Security operations he managed included manning the guard towers, overseeing helicopter landings and take-offs, keeping track of visitors to the base.
“The Macedonian military was providing escorts to the Afghan workers on the base, that were doing work for us,” he said. “You pay the locals to do the work, so you build up the economy.”
His responsibilities ranged from managing various comings and goings — by Afghan government officials for instance — to dealing with situations like problems at the base’s sewage treatment plant.
“The base I was on is like a small city,” he said.
“Ninety-time percent of the time I did that — supervise base operations. We also were a dispatch center,” he said. “We’d have phones manned 24-7.”
Troops from the base did venture out on various missions.
“There were military assistance operations,” Seibert said.
“...We had units that were going out on patrol. They were going out and doing movements of generals or VIPs or senior personnel.”

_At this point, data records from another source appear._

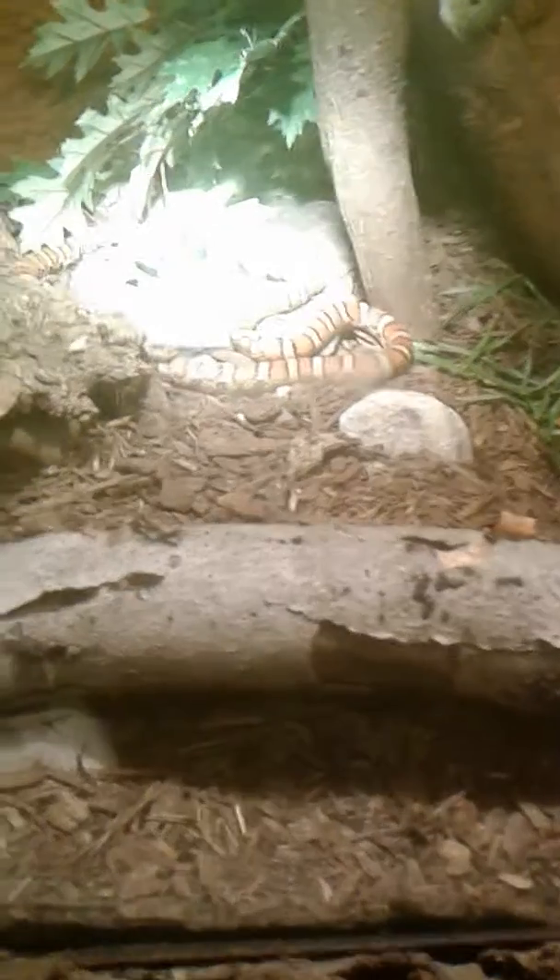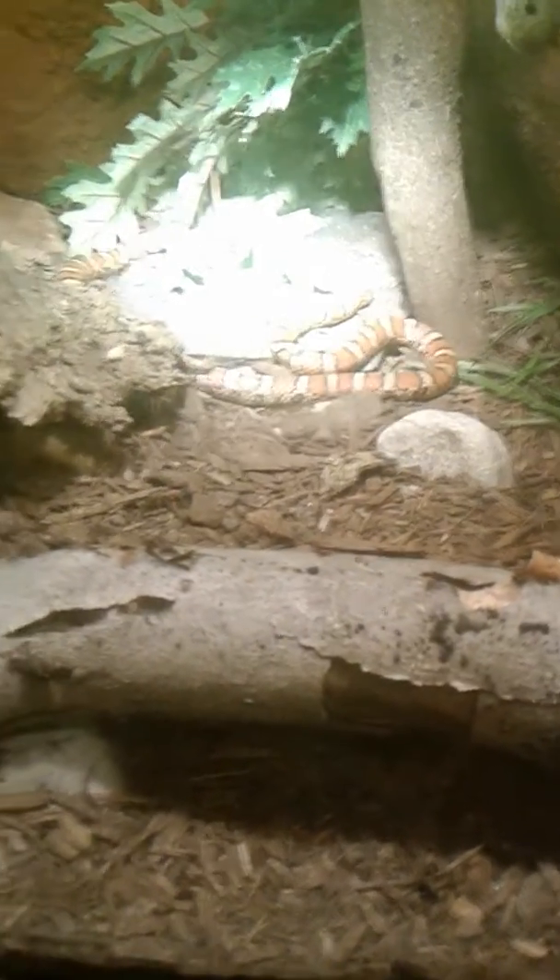Then there's an eastern milk snake. Here is a big baddie — I think that's a rat snake. Yep, black rat snake. Now let's go up the stairs to the slide.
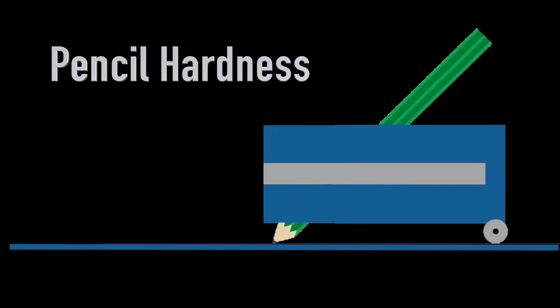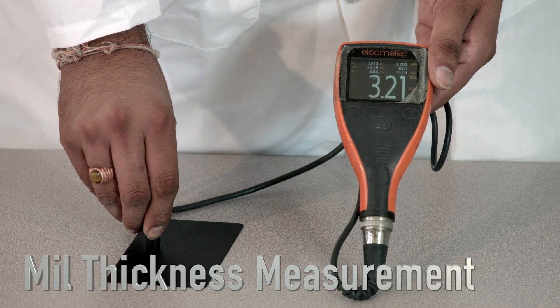The pencil hardness test gives you the hardness of the coating that you put on the parts. The fourth test we do is the mil thickness test, where we measure the coating thickness that we put on any of the parts. These are in mils, so a mil is like a thousandth of an inch.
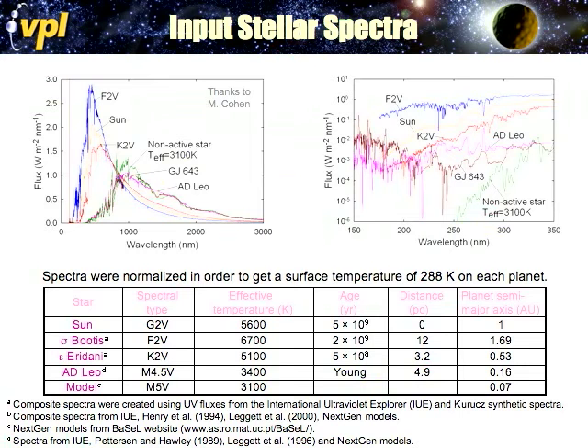We used stellar spectra for the Sun, an F2 star, K2 dwarfs, AD Leo (probably one of the most active M stars known as an extreme), and a model of a similar spectral type with no activity — no chromosphere — as a lower bound on UV activity. Accurate UV representation is really important because UV drives the photochemistry. We choose TPF target stars based on their optical classifications, but the UV will actually be the main indicator of what the planet is going to be like.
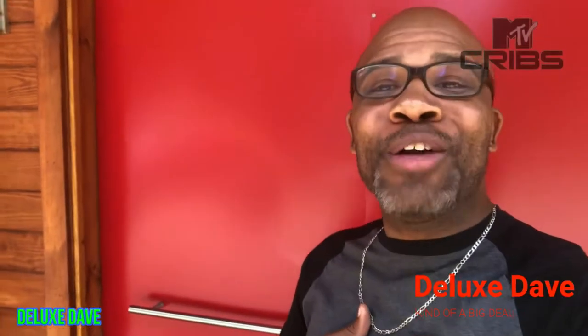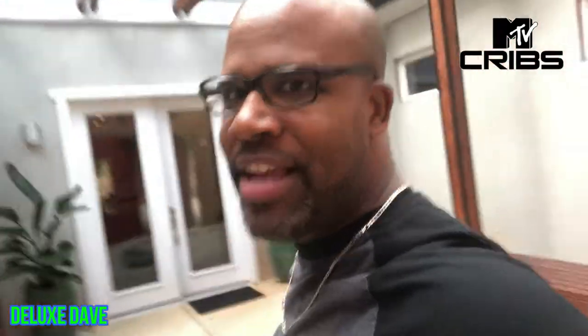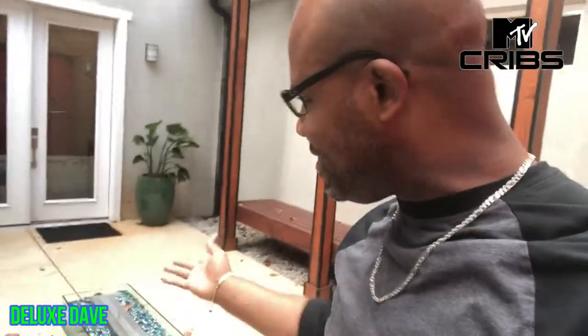Hi, I'm Deluxe Dave, and I want to welcome you to my brand new home. I'm so excited to give you a little tour today, so come on with me. We have this beautiful red swivel door, and when we open it up you can see so many beautiful things, even in here — this little patio where you can sit outside, light a fire, invite some friends over.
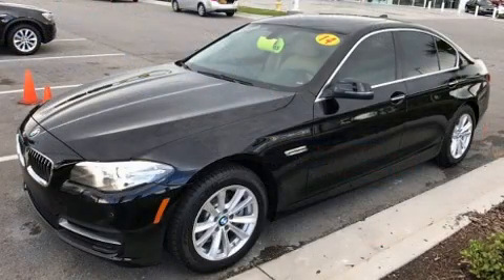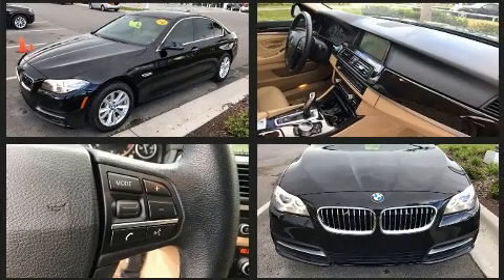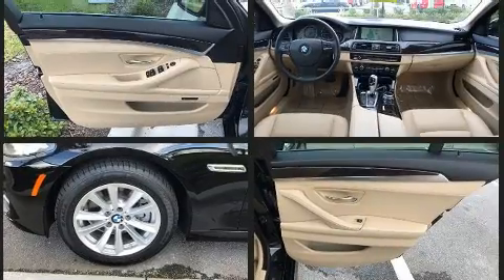A wealth of standard features mean that you no longer have to sacrifice. Like power windows, mirrors and seats, a built-in garage door transmitter, a trip computer and seat memory.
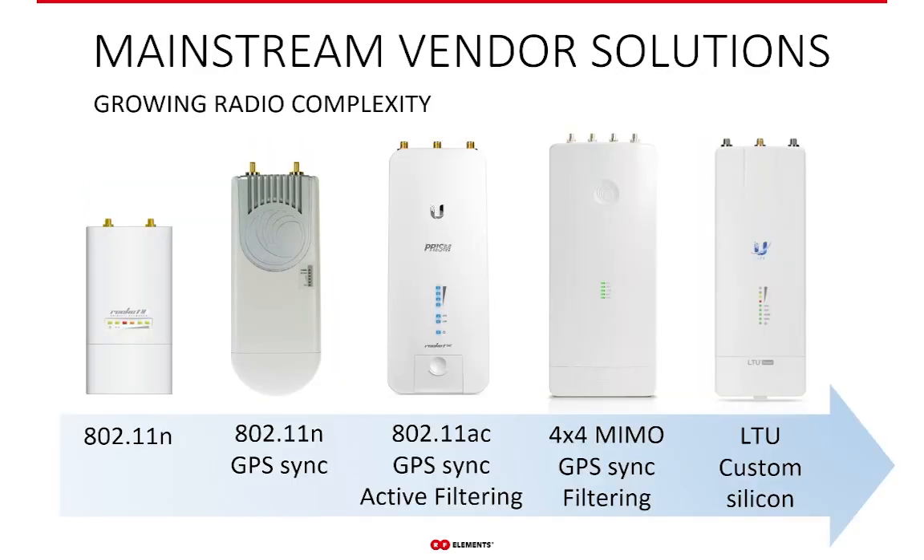Over the years, radio vendors have developed hardware to improve the noise situation through GPS sync — which ensures APs within your network transmit and receive at the same time to prevent self-interference — or active filtering, which ensures your radio does not see out-of-channel signals. These improvements are efficient but also costly, and don't really deal with the root cause of interference, only its consequences. It's like trying to remove the smoke without doing anything about the fire that caused it.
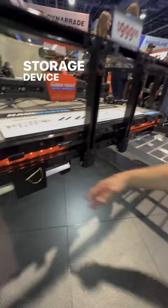Recessed lighting right in here, and this is available at Harbor Freight coming very soon? Correct. Thank you, sir.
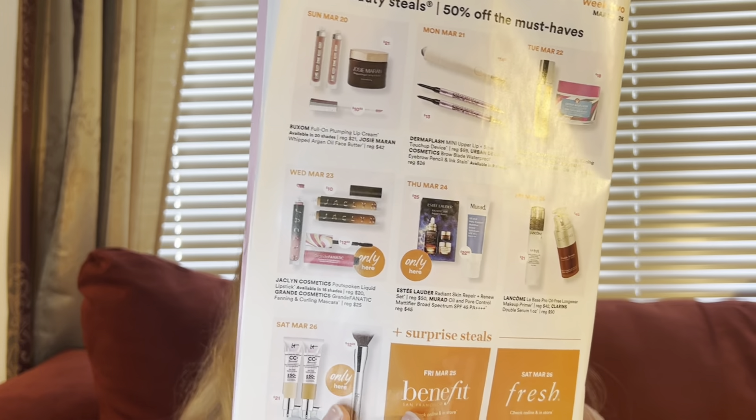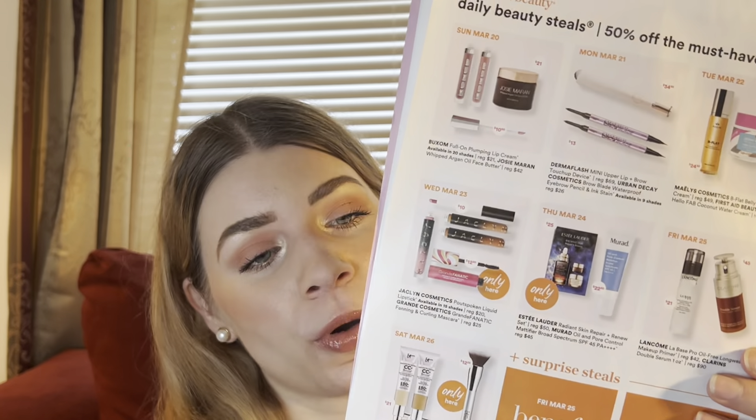On Friday the 25th, Benefit will have a surprise steal, and on Saturday the 26th, Fresh will have a surprise steal. What I'm super excited for is that the It Cosmetics CC Cream will be on sale for $21. Their foundation brushes are also going to be on sale, though that's a bit disappointing since I've gotten their brushes for as low as $10 before, and I don't really like using foundation brushes — I always use a sponge. But the It Cosmetics CC Cream I'm definitely going to pick up if I can. It's a struggle to stay up until midnight, but hopefully I'll manage.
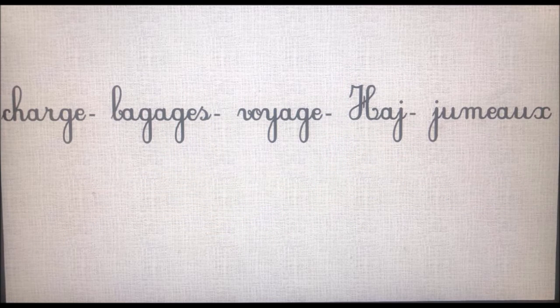Observez avec moi maintenant, mes enfants, les mots suivants : charge, bagage, voyage, haj, jumeau. Dans ces cinq mots, il y a un son qui se répète.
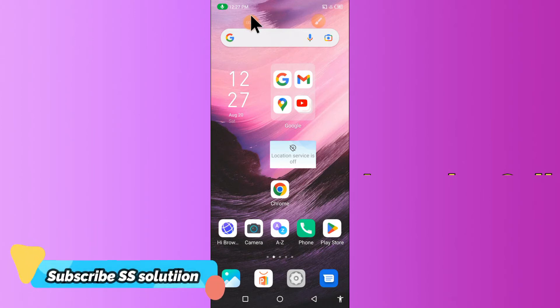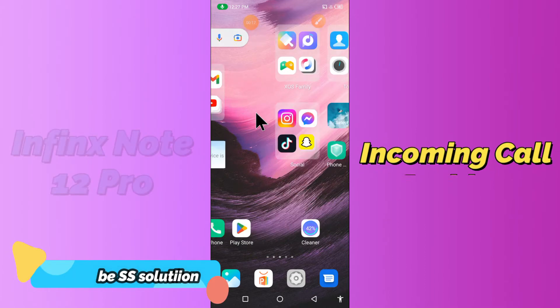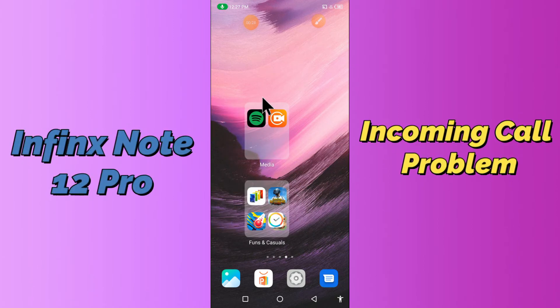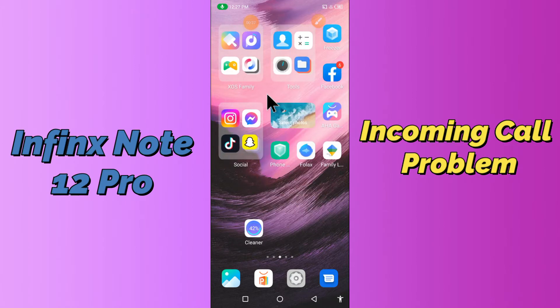Hi everyone, today in this video I'll tell you how you can fix the incoming call problem in your Infinix Note 12 Pro. If you're having any issue like your incoming call is not working or is not connecting, I'll tell you a few tips and tricks that you can use to fix it. If you are new to my channel, don't forget to subscribe and press the bell icon. Watch the complete video and learn how you can fix it.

Although he had a lot of responsibilities, Seibert described his role in modest terms.
“I didn’t have any real power, in the position I was in,” he said. “I was just a low level guy in day-to-day operations, making sure that they get done.”
Seibert, who grew up in Oxford, Connecticut, went to the University of Connecticut.
“I did ROTC in college,” he said. “Commissioned in the Army National Guard in May of 2012.
“I’m a guardsman,” he said “You know the old adage: ‘one weekend a month and two weeks in the summer’ — which isn’t true.”
He has a bachelor’s degree in history from the University of Connecticut and a masters in criminal justice from Sacred Heart University.
“Out of college, I had a history degree. I couldn’t really find a job with that,” he said.
He ended up working for a Securitas, a firm providing security for both the Ridgefield Public Schools and Boehringer Ingelheim.
He worked at Ridgefield High School, and later at Boehringer.
“September of 2013 I got hired for the Ridgefield Police Department, and in 2015 I left for Afghanistan — I took a leave of absence.” he said.
He’s back with the Ridgefield Police now and said he enjoys working here.
“I think it’s a great town and a great community to be in,” he said.
He continues to serve in the Connecticut Army National Guard in the 85th Troop Command, assisting in mission support from Hurricane Isaias to COVID response.
Seibert lives in Woodbury now, with his wife Caitlin and their one year old daughter Mackenzie — who presents a different sort of challenge.